DATA TO USE
--- START ---

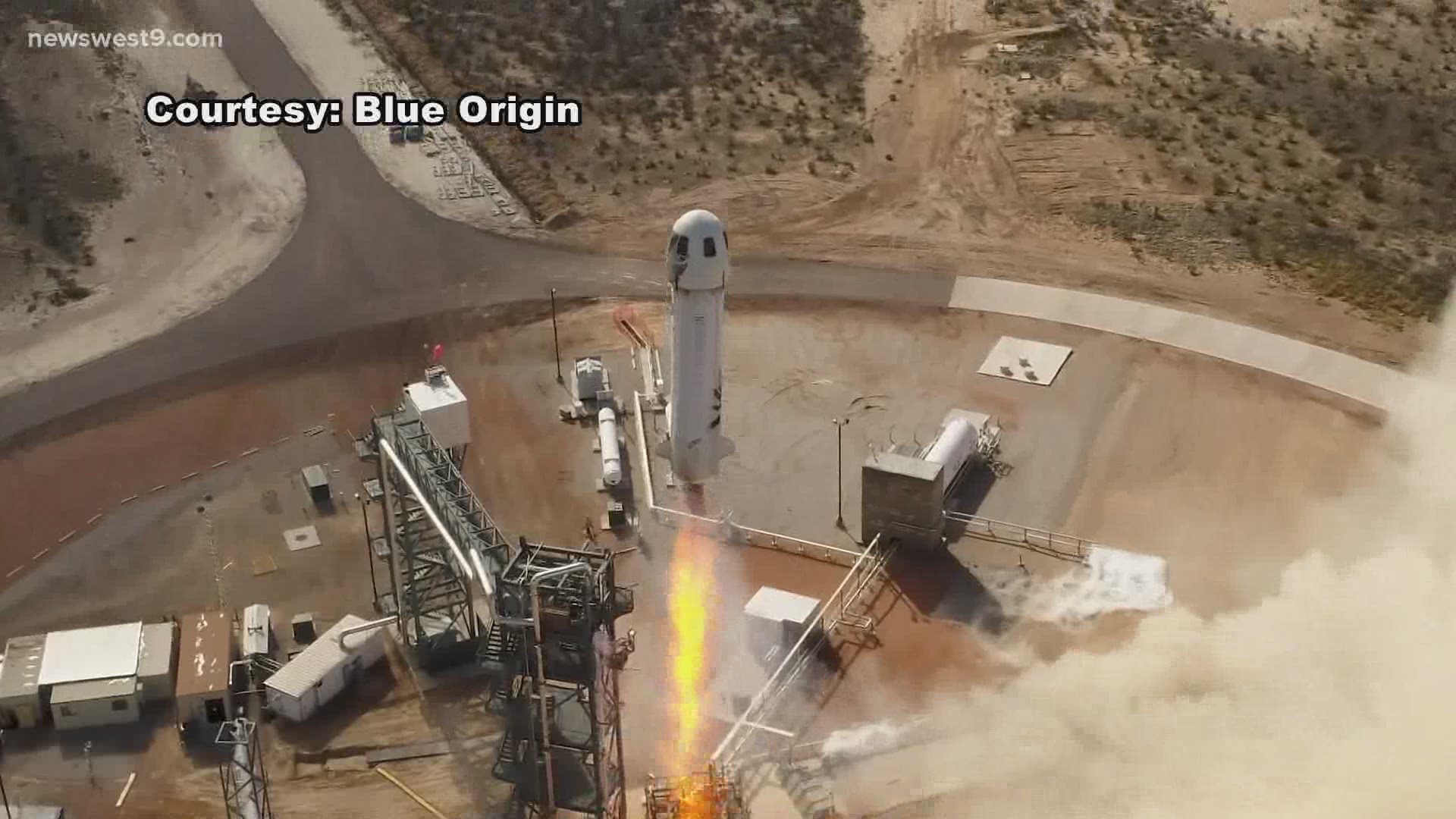 Liftoff is targeted for 10 a.m. Thursday morning from Blue Origin's launch site near Van Horn
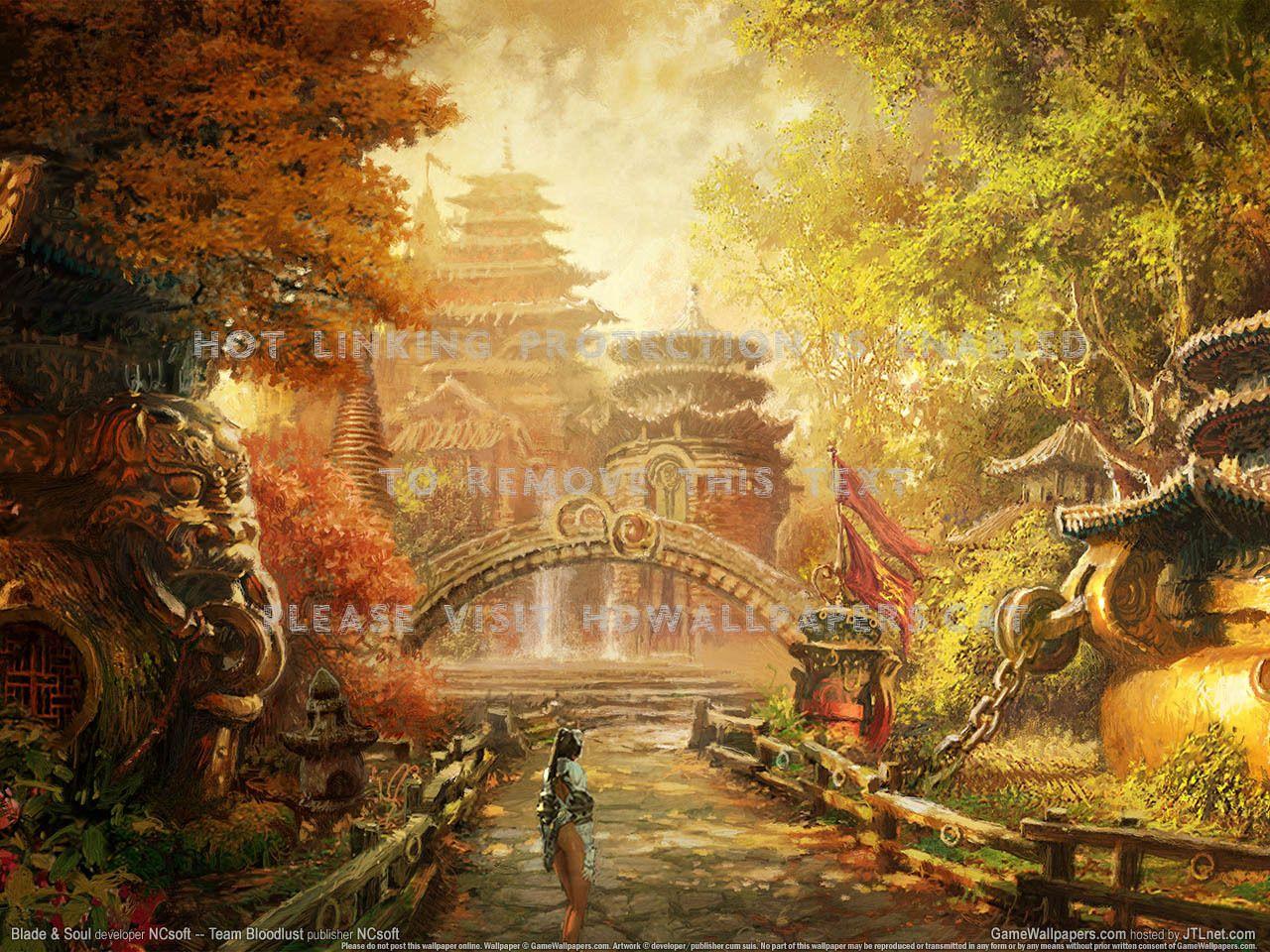 1280x960 blade and soul castle art video dark garden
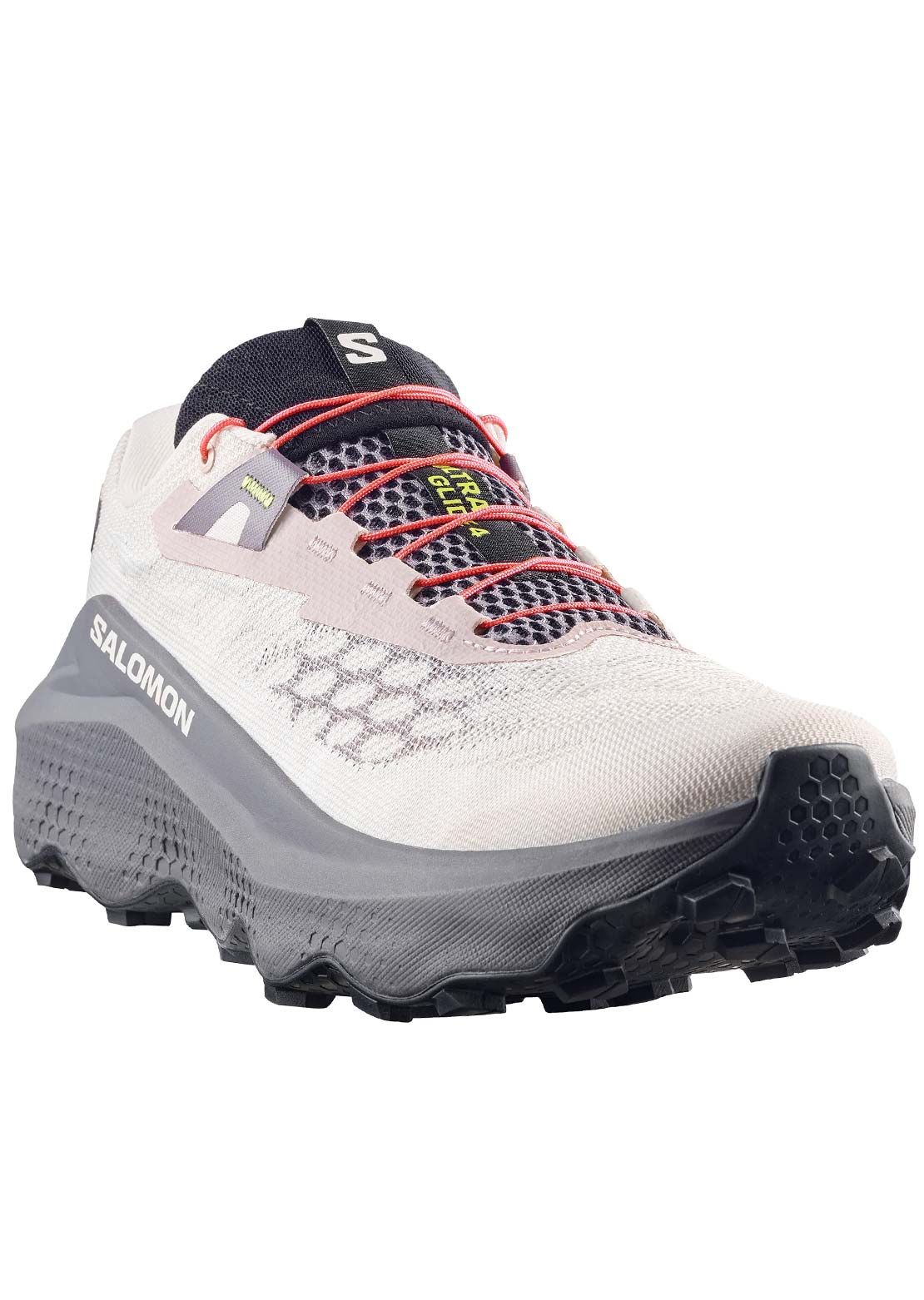 Salomon Unisex Ultra Glide 4 Wide Trail Running Shoes Lilac Ash/Excalibur/Pink Yarrow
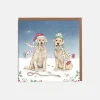 Golden Retrievers Christmas Card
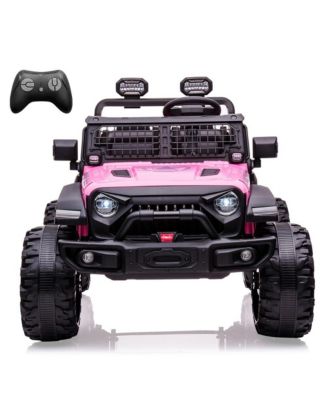 homfan 2-Seat Kids Ride-On Electric Truck with Remote Control, Ages 3-8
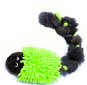 Squeaky critters, Hedgehog with rabbit, brown with yellow-green - Dog Toy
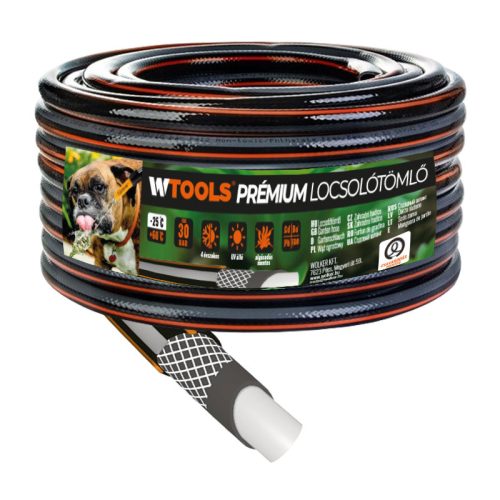 Locsolótömlő 3/4" 50m csavarodásmentes Carbon Prémium Wtools
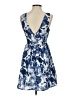 AaKaa 100% Rayon Print Blue Cocktail Dress Size S - photo 2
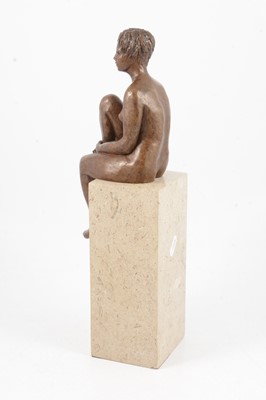 Lot 1097 - Moira Purver, Meditating on Purbeck, a limited edition sculpture
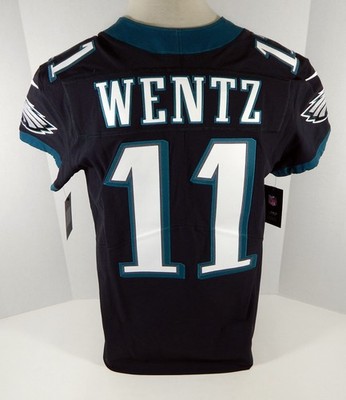 New Mens Philadelphia Eagles Carson Wentz #11 Black Elite Jersey 56 Nike NWT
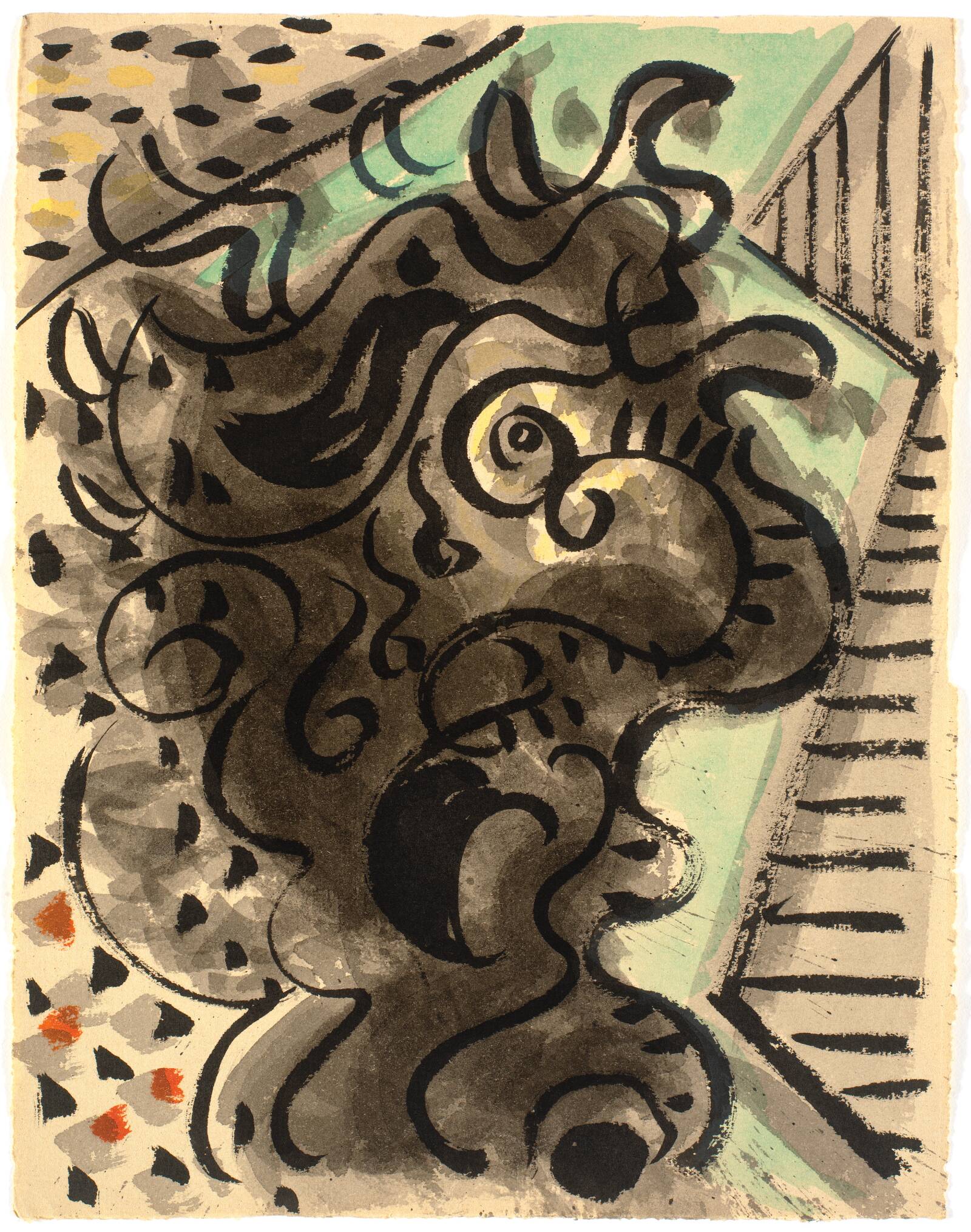 Figuration, hoved, Richard Mortensen, 1945-1948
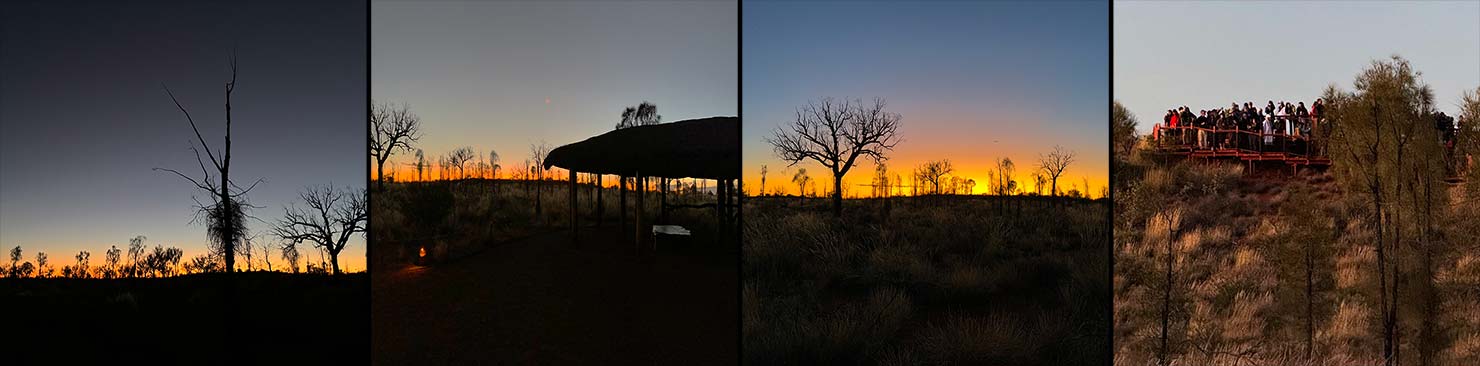 Sunrise Colours Viewing Platform iPhone Photographing Uluru Ayers Rock Australia Red Centre Paul Reiffer Photographer Phase One Landscape Permit Approved IMG_6892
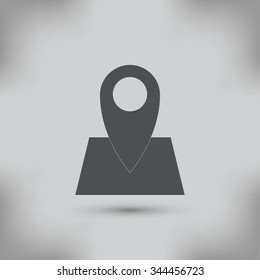 Pin on the map icon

--- END ---

TASK BRIEF
Copy the material shown above in full and exactly. Skip the pictures.

THE COMPLETED TASK
 Liftoff is targeted for 10 a.m. Thursday morning from Blue Origin's launch site near Van Horn
 1280x960 blade and soul castle art video dark garden
 Salomon Unisex Ultra Glide 4 Wide Trail Running Shoes Lilac Ash/Excalibur/Pink Yarrow
 Golden Retrievers Christmas Card
 homfan 2-Seat Kids Ride-On Electric Truck with Remote Control, Ages 3-8
 Squeaky critters, Hedgehog with rabbit, brown with yellow-green - Dog Toy
 Locsolótömlő 3/4" 50m csavarodásmentes Carbon Prémium Wtools
 AaKaa 100% Rayon Print Blue Cocktail Dress Size S - photo 2
 Lot 1097 - Moira Purver, Meditating on Purbeck, a limited edition sculpture
 New Mens Philadelphia Eagles Carson Wentz #11 Black Elite Jersey 56 Nike NWT
 Figuration, hoved, Richard Mortensen, 1945-1948
 Sunrise Colours Viewing Platform iPhone Photographing Uluru Ayers Rock Australia Red Centre Paul Reiffer Photographer Phase One Landscape Permit Approved IMG_6892
 Pin on the map icon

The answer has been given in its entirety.